■ **Task to complete**
Exactly those lines that run from the one containing "this 1068×801 image." through the last line of the entries below should be printed, and no others.

Start of Supplied data

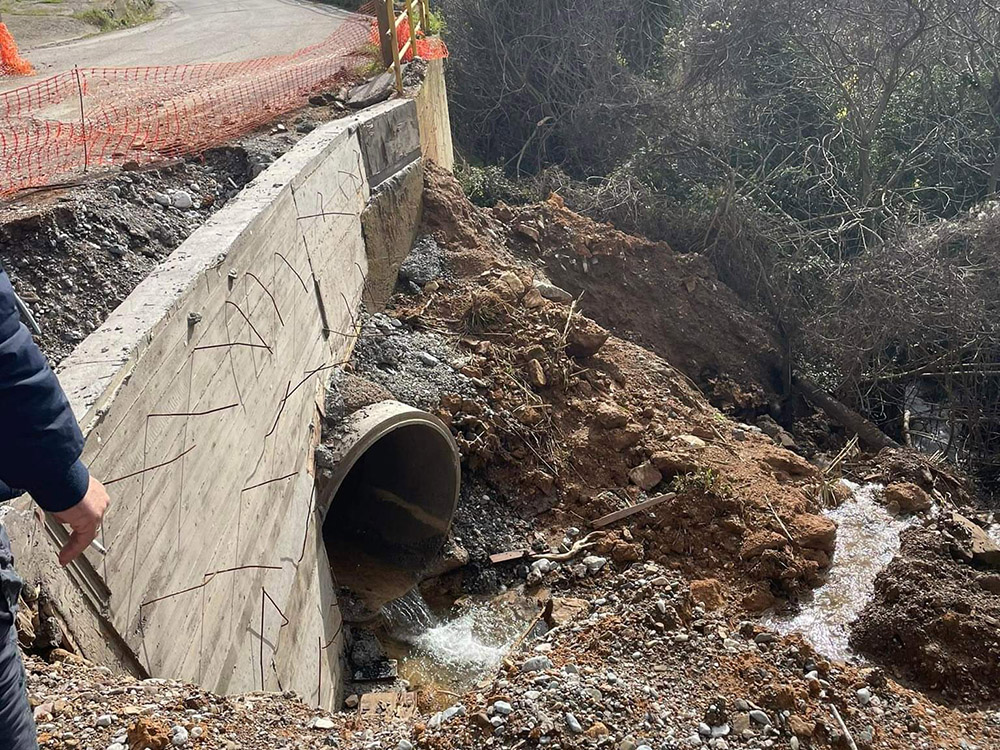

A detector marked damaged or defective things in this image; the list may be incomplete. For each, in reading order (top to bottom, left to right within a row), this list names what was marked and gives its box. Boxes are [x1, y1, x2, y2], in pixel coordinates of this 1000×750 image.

broken wood piece [588, 494, 676, 528]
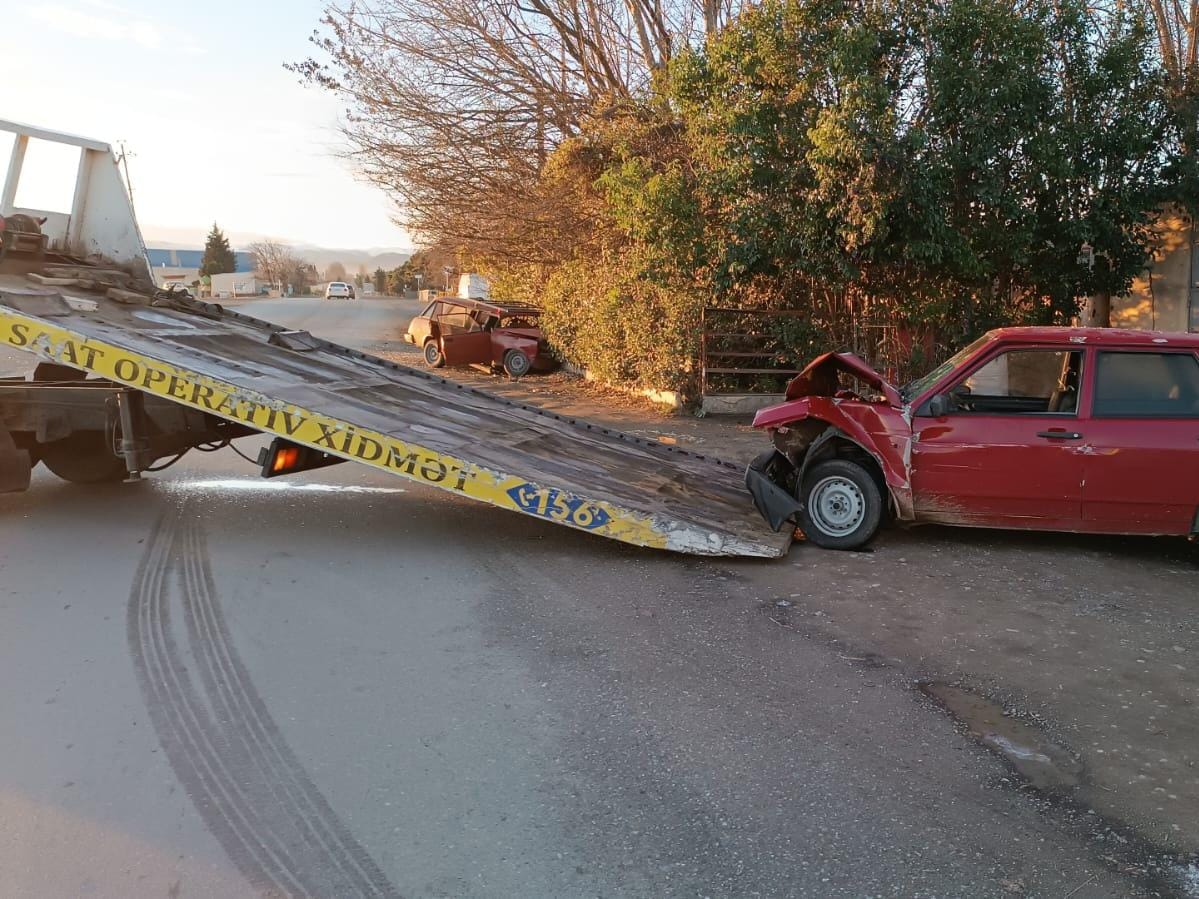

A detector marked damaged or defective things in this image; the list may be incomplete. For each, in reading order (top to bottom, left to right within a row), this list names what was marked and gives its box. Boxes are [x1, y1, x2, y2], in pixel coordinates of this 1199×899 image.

damaged red car [400, 297, 553, 378]
damaged red car [748, 328, 1199, 548]
crumpled front bumper [743, 450, 800, 534]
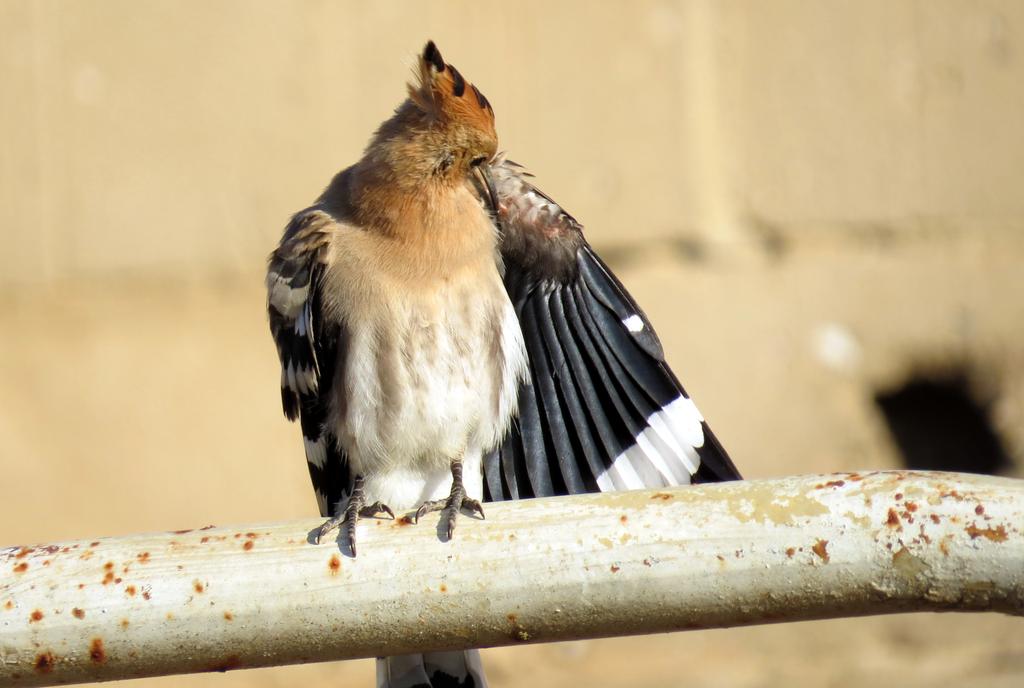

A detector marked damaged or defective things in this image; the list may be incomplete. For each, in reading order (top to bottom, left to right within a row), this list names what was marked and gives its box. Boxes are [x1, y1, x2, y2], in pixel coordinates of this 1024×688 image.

rusty metal pipe [2, 470, 1024, 684]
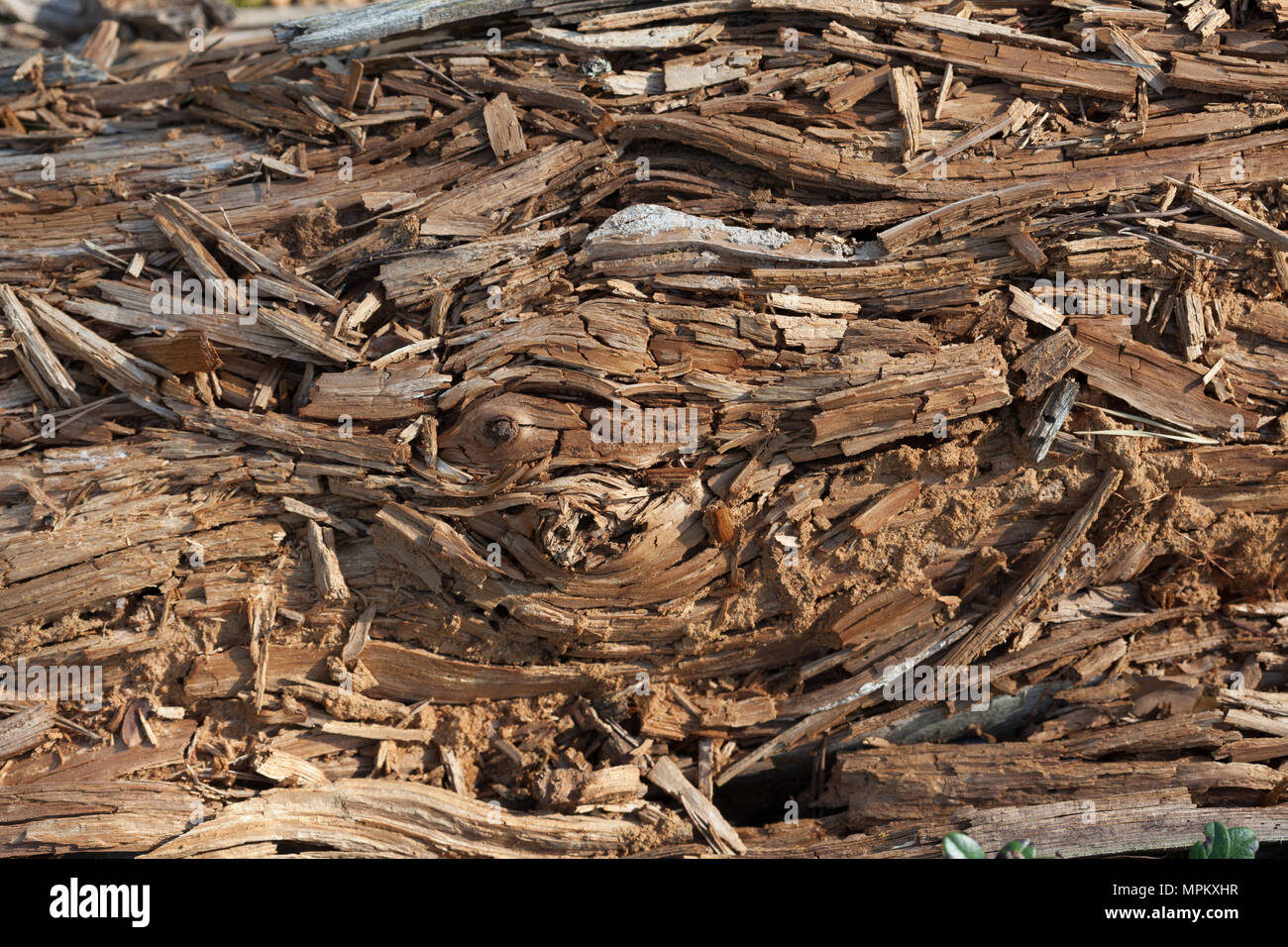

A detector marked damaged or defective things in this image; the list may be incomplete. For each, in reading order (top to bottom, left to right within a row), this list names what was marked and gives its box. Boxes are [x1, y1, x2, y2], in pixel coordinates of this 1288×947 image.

splintered wood fragment [482, 92, 525, 160]
splintered wood fragment [891, 64, 921, 162]
splintered wood fragment [1174, 177, 1288, 252]
splintered wood fragment [0, 280, 80, 407]
splintered wood fragment [1004, 284, 1066, 329]
splintered wood fragment [1015, 329, 1087, 399]
splintered wood fragment [1024, 378, 1076, 464]
splintered wood fragment [305, 517, 350, 600]
splintered wood fragment [942, 469, 1123, 665]
splintered wood fragment [644, 757, 747, 855]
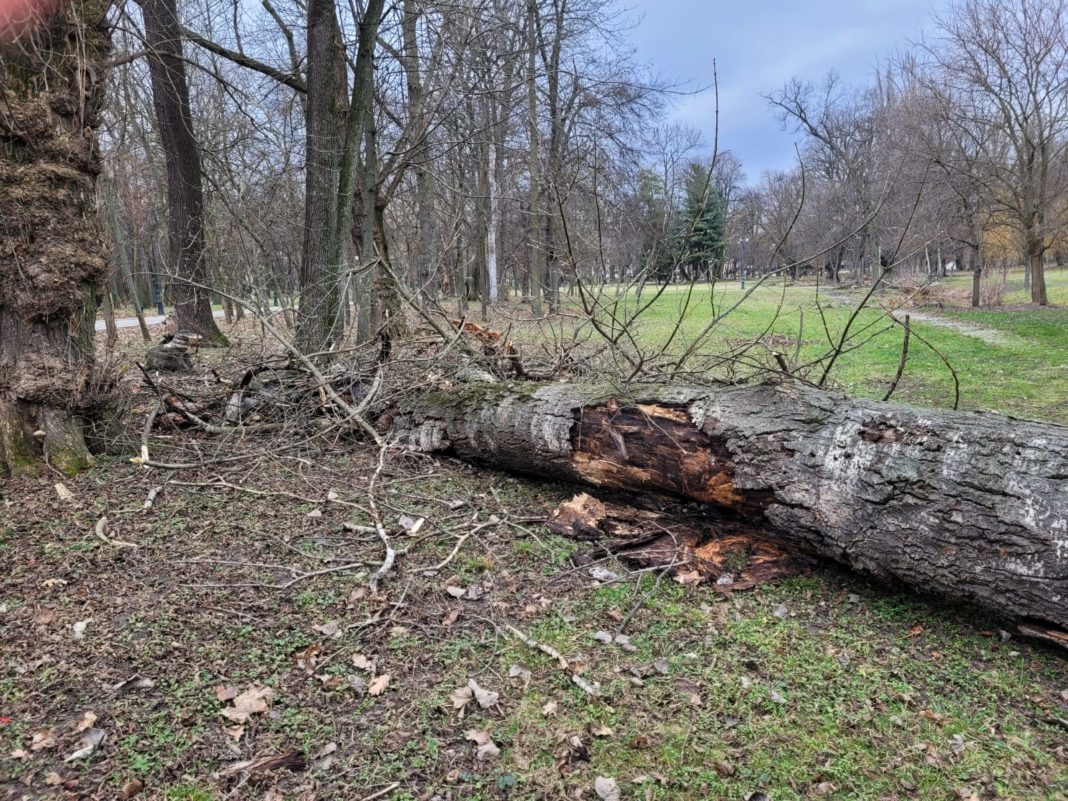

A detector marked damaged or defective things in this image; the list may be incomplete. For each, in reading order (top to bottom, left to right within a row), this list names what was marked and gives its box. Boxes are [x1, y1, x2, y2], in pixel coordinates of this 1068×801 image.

exposed splintered wood [551, 495, 807, 589]
exposed splintered wood [390, 382, 1068, 632]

End of Supplied data

■ **Task output**
A detector marked damaged or defective things in this image; the list may be incomplete. For each, in reading order (top to bottom, left to right within a row), this list names what was marked and gives its box. Boxes are [x1, y1, x2, y2], in pixel coordinates of this 1068×801 image.

exposed splintered wood [551, 495, 807, 589]
exposed splintered wood [390, 382, 1068, 632]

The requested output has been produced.